## Material for this task:
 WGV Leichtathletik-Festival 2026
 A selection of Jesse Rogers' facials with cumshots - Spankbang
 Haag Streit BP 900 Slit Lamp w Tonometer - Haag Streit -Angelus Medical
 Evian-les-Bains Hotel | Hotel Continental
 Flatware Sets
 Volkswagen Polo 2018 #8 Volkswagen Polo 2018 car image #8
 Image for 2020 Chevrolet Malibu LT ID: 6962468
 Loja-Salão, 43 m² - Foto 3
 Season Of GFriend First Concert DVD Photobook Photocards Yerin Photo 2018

...

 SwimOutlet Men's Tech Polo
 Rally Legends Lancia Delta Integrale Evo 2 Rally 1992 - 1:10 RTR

--

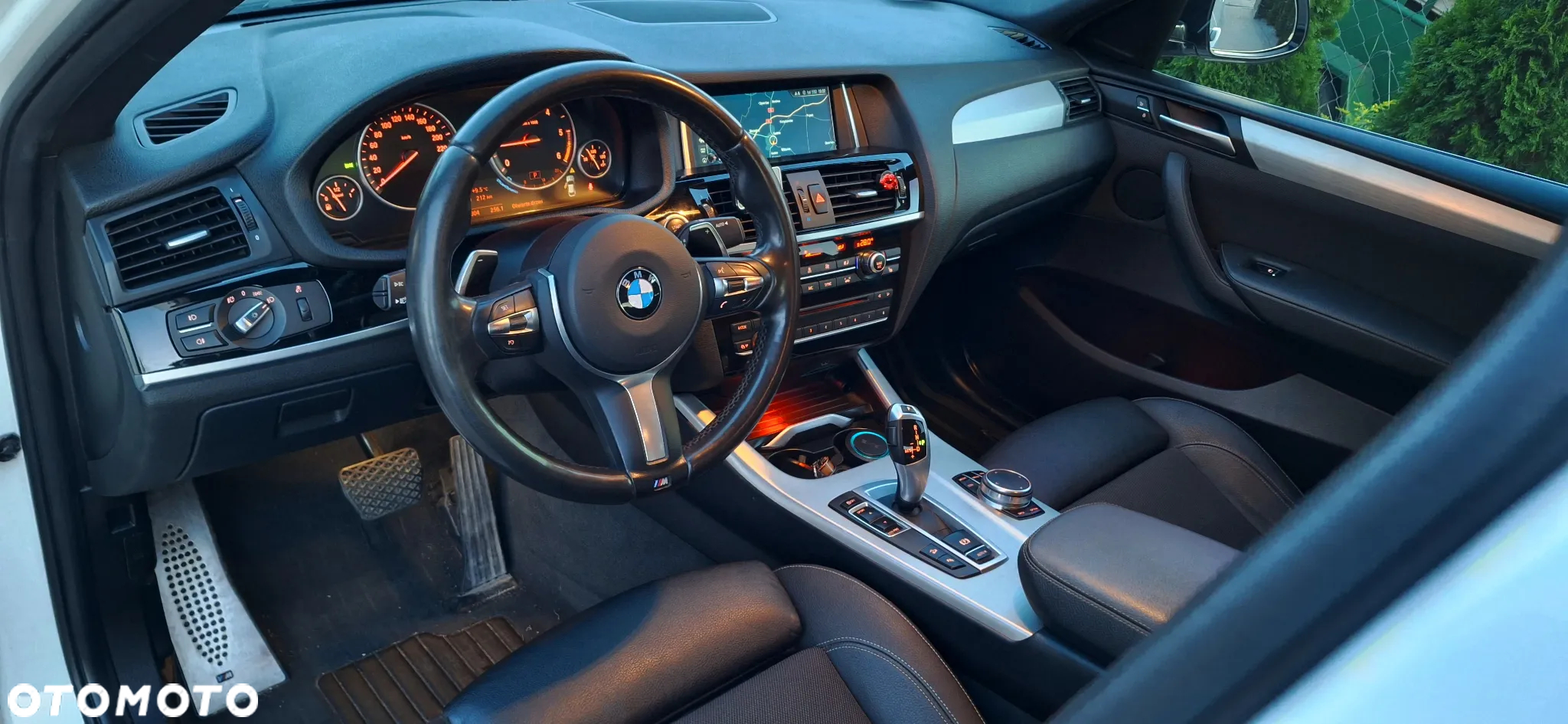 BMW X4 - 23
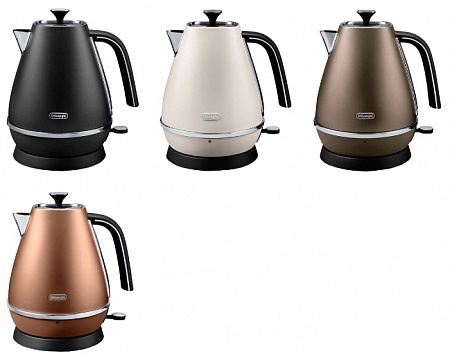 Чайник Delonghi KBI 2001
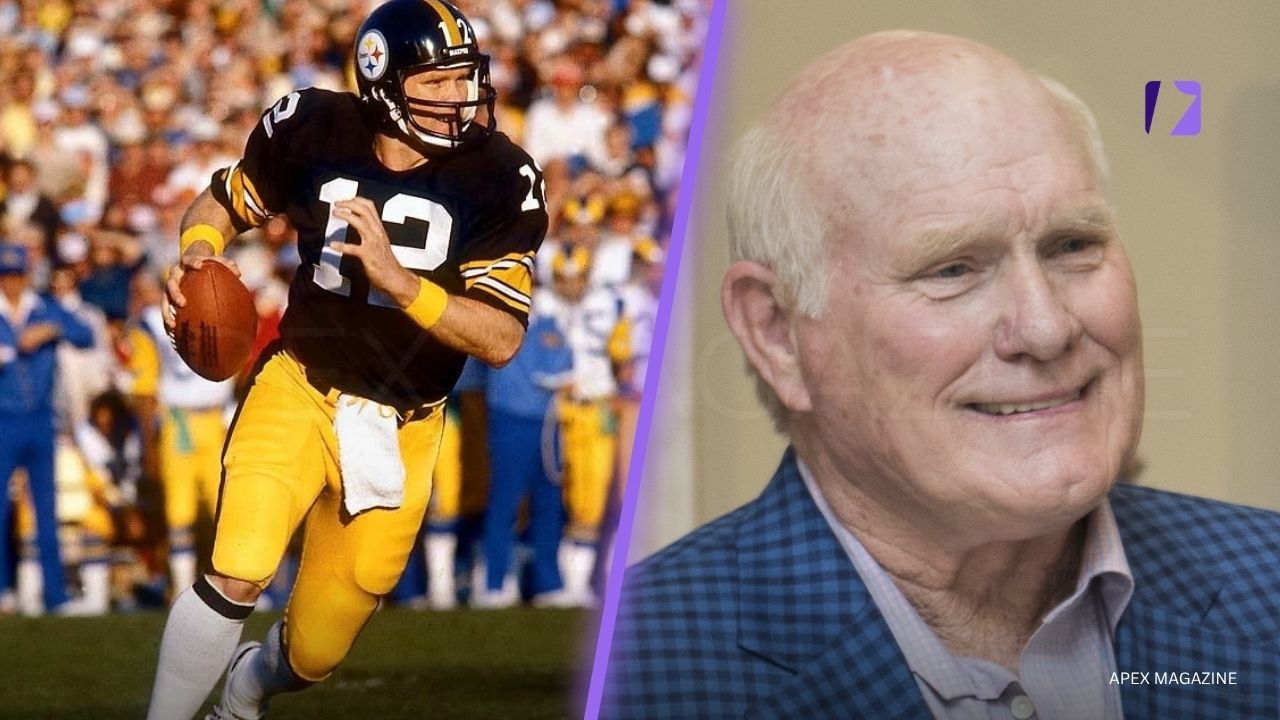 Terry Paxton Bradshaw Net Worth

## Problem description:
Set down again, exactly, every line above from the one with "BMW X4 - 23" down to the one with "Terry Paxton Bradshaw Net Worth", both ends included. No pictures, and nothing else.

## Output of the exercise:
 BMW X4 - 23
 Чайник Delonghi KBI 2001
 Terry Paxton Bradshaw Net Worth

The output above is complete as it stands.